What is 4G? Yes, it's fourth-generation mobile broadband at a "super-fast" speed, but what exactly qualifies a device to be labelled as a 4G piece of hardware? That's an issue consumers, and indeed networks, aren't entirely clear on.
So PC Mag thought they'd ask the President of industry body 4G Americas what 4G actually means to them in terms of hard numbers.
President Chris Pearson said: "At 4G Americas, our typical line is HSPA+ 21 and above."
Technically, the UK now has 4G going by that yardstick. For example Everything Everywhere already has an extensive HSPA+ 21 network. No need to worry about that Ofcom decision on the 1800MHz spectrum then, chaps... 4G is already here, it would seem. Except for the fact that O2 calls its HSPA+ network 3.5G, of course.
Pearson also added that: "[Consumers] don't really care. All they want is a mobile broadband experience."

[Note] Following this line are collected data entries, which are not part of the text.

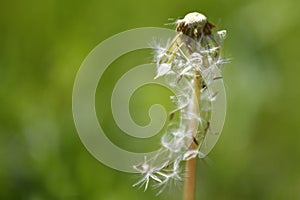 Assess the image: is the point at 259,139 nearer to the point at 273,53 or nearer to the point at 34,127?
the point at 273,53

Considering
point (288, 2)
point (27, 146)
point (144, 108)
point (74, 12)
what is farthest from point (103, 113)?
point (288, 2)

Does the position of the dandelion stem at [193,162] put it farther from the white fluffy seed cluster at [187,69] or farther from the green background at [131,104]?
the green background at [131,104]

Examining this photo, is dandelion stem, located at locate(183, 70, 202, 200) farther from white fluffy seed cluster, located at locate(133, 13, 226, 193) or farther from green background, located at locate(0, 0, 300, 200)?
green background, located at locate(0, 0, 300, 200)

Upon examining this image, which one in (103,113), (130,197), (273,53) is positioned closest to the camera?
(130,197)

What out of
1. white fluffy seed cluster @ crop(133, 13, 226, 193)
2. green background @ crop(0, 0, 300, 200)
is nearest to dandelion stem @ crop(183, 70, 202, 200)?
white fluffy seed cluster @ crop(133, 13, 226, 193)

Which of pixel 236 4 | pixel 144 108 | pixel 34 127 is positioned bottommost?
pixel 34 127

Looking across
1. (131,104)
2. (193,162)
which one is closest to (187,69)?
(193,162)

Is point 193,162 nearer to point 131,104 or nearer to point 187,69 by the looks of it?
point 187,69

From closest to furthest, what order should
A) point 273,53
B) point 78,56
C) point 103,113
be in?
1. point 103,113
2. point 78,56
3. point 273,53

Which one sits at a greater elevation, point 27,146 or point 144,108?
point 144,108

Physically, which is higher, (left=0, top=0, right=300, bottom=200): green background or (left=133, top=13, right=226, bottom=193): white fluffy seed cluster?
(left=0, top=0, right=300, bottom=200): green background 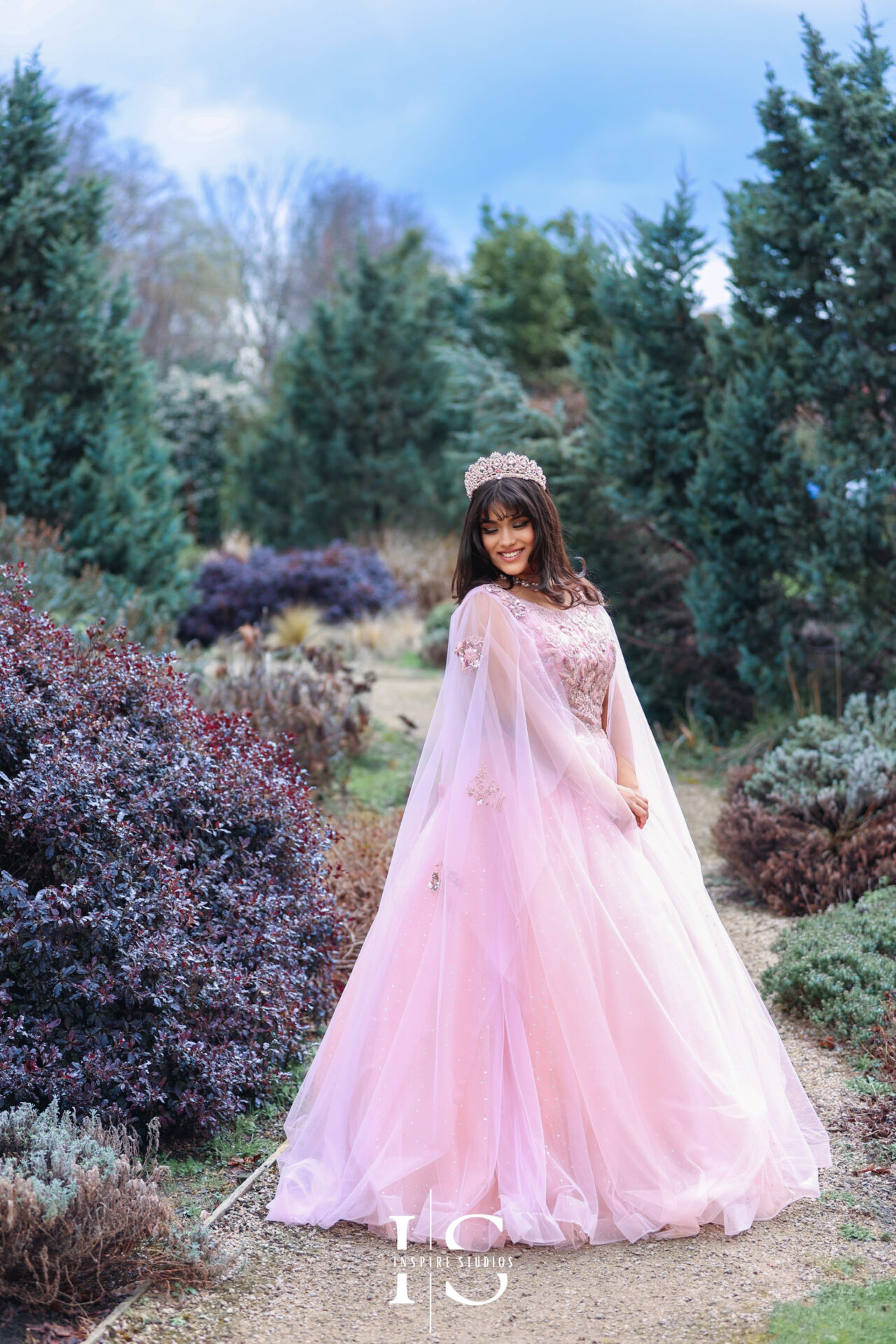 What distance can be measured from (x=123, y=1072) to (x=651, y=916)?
1463mm

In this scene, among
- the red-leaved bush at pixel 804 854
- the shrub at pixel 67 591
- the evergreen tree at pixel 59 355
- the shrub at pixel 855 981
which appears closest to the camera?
the shrub at pixel 855 981

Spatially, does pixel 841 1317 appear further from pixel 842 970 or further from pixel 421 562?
pixel 421 562

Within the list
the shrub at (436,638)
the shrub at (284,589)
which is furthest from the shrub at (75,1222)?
the shrub at (284,589)

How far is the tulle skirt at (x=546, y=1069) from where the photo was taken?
2832 millimetres

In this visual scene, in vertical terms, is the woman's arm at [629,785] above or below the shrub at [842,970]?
above

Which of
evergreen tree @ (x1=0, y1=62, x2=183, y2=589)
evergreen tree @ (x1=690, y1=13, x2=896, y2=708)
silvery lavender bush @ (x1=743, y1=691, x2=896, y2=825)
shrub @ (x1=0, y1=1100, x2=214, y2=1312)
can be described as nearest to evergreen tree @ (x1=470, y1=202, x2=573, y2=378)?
evergreen tree @ (x1=0, y1=62, x2=183, y2=589)

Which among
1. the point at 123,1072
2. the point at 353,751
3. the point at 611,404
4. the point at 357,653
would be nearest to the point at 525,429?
the point at 611,404

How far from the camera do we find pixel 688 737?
8.00m

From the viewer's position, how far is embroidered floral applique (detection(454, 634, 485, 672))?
3.21 metres

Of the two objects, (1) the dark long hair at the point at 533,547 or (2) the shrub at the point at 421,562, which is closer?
(1) the dark long hair at the point at 533,547

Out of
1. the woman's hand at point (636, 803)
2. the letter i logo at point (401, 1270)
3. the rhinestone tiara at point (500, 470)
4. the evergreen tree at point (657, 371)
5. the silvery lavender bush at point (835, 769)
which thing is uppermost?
the evergreen tree at point (657, 371)

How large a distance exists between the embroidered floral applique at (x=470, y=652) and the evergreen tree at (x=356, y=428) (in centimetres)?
1274

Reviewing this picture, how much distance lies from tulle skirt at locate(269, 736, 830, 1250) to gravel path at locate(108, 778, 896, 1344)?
0.20 feet

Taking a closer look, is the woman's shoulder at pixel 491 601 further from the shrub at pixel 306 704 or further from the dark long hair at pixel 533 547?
the shrub at pixel 306 704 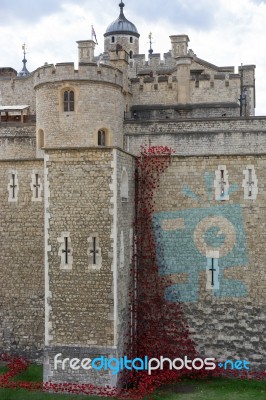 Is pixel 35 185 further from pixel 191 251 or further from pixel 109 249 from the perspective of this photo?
pixel 191 251

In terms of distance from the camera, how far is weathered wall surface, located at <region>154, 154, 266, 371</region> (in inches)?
641

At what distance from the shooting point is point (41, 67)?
923 inches

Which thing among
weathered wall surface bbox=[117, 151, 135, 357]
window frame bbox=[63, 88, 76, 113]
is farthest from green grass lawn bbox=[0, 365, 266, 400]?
window frame bbox=[63, 88, 76, 113]

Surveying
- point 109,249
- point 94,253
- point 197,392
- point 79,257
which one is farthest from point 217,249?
point 79,257

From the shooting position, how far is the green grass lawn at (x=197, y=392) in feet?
48.9

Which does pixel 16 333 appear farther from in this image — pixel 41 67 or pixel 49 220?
pixel 41 67

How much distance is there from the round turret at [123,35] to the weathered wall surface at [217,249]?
3093 cm

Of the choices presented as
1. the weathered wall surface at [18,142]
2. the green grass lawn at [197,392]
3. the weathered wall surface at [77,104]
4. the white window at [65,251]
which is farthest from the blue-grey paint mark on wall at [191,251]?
the weathered wall surface at [18,142]

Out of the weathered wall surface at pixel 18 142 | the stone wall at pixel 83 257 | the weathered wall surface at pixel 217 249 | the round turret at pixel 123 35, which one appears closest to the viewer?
the stone wall at pixel 83 257

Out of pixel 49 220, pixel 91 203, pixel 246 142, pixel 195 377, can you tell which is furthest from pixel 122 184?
pixel 246 142

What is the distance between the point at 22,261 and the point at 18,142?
9.66 m

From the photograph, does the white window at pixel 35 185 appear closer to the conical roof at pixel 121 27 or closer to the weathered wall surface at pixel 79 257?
the weathered wall surface at pixel 79 257

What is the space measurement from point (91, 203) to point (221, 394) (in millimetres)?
5936

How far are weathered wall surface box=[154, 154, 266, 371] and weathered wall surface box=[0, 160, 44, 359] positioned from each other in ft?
12.2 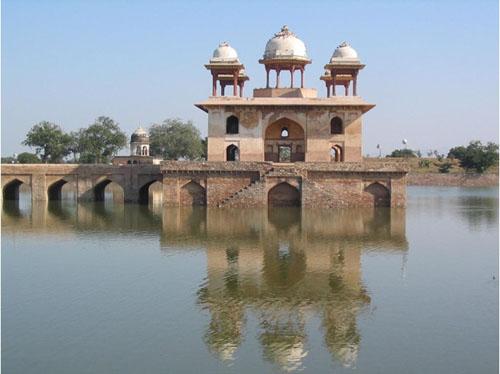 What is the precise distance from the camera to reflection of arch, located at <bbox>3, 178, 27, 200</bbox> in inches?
1384

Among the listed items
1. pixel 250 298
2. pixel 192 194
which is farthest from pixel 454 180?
pixel 250 298

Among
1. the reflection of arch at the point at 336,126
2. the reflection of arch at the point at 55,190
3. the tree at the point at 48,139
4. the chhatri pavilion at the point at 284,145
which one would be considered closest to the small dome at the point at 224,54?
the chhatri pavilion at the point at 284,145

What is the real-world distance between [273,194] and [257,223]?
17.9ft

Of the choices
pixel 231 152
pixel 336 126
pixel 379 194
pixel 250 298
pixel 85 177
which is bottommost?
pixel 250 298

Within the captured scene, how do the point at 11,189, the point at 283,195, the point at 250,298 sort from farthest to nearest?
the point at 11,189, the point at 283,195, the point at 250,298

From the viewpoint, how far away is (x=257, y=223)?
2328 centimetres

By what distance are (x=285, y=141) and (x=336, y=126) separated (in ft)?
8.58

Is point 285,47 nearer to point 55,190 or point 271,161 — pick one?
point 271,161

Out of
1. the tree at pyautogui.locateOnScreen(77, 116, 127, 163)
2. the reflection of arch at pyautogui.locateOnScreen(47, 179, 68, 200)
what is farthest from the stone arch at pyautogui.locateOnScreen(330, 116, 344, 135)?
the tree at pyautogui.locateOnScreen(77, 116, 127, 163)

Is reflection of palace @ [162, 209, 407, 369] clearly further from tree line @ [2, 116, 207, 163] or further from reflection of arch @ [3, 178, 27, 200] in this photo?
tree line @ [2, 116, 207, 163]

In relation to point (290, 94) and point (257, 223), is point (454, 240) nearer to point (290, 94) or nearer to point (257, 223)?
point (257, 223)

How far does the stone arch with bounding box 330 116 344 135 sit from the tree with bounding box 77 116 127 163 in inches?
1026

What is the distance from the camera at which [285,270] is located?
15273 mm

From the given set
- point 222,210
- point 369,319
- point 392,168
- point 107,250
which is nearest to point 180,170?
point 222,210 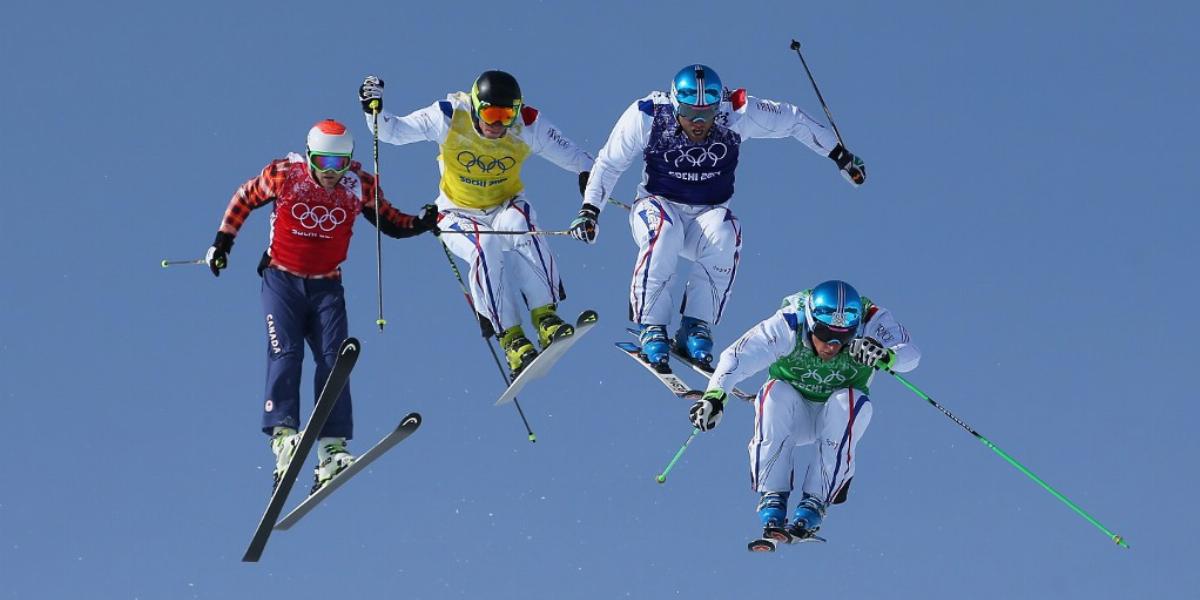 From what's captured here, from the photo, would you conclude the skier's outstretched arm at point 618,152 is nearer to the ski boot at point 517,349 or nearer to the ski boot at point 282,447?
the ski boot at point 517,349

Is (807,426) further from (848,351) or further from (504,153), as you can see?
(504,153)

And that's certainly true enough, whatever the deliver. If consumers see websites load in a flash, and can stream quality videos without stuttering, that's all they're interested in. But confusion over the definition and marketing of 4G is unlikely to help the average punter's understanding of next-gen mobile broadband.
PC Mag notes that in the US, carriers have even branded some HSPA 14.4 devices as 4G.